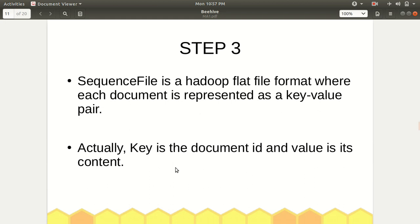The third step is to convert the dataset into sequence files. The choice of file format in distributed computation is very important for success. A sequence file is a Hadoop flat file format where each document is represented as a key-value pair — the key is the document ID and the value is its content. This is the same key-value pair concept used in MapReduce.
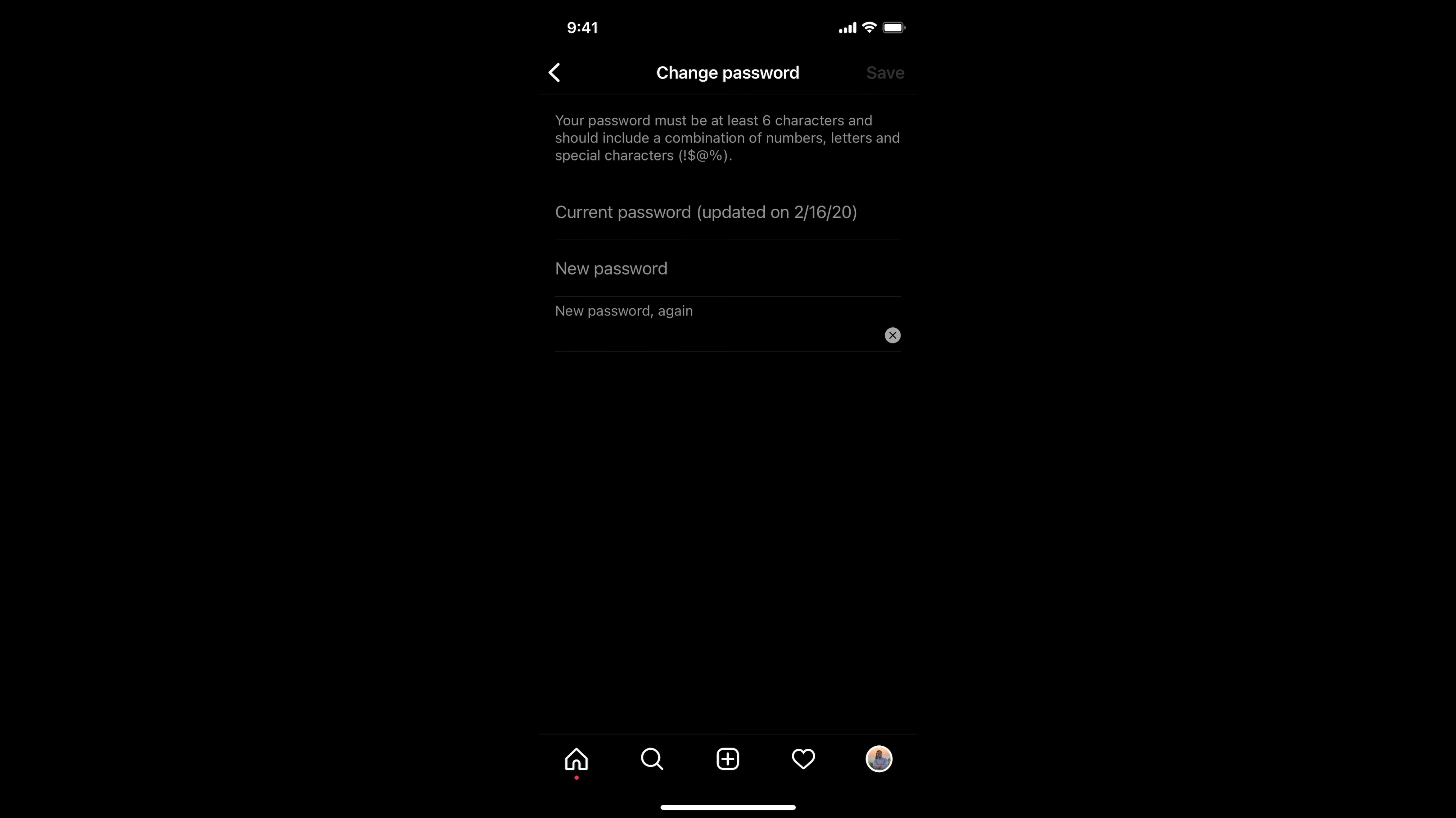The process to change your Instagram password is quite easy and simple, and it's the same for Android as well as iPhone. Simply open up your Instagram app. In my case, I'm logged in.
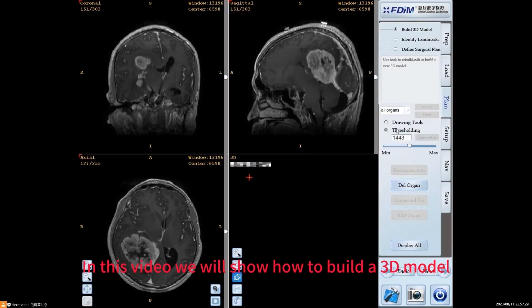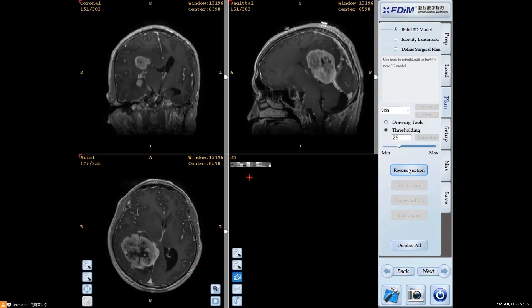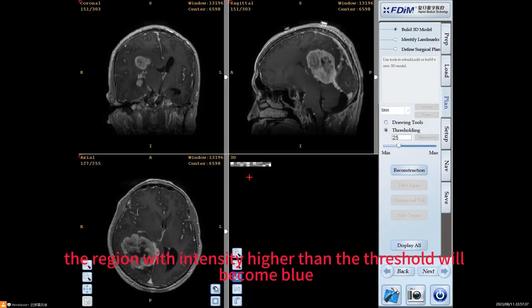In this video we will show how to build a 3D model. The skin model must be built. Click this button.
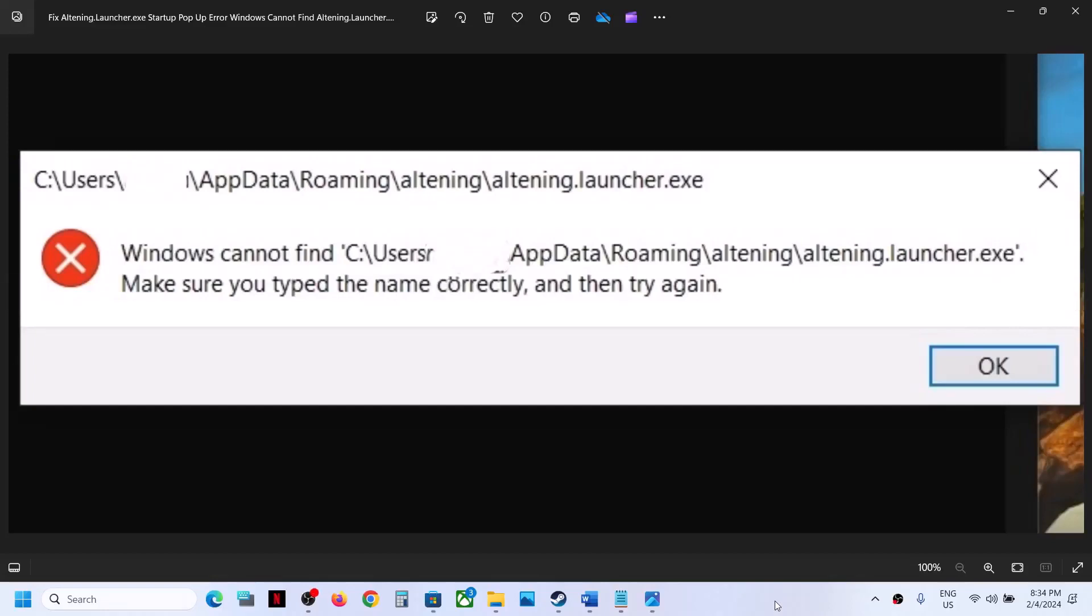Hello guys, welcome to my channel. So whenever you restart a computer, if you are receiving this bug which says Windows cannot find altering.launcher.exe, to fix it...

------------------------------------------------

REQUIRED ACTION -
What is needed is an exact copy of the lines from the one with "In this video" through the end of the data above, both included, minus any pictures.

SOLUTION BELOW -
In this video we will show how to build a 3D model. The skin model must be built. Click this button.
Hello guys, welcome to my channel. So whenever you restart a computer, if you are receiving this bug which says Windows cannot find altering.launcher.exe, to fix it...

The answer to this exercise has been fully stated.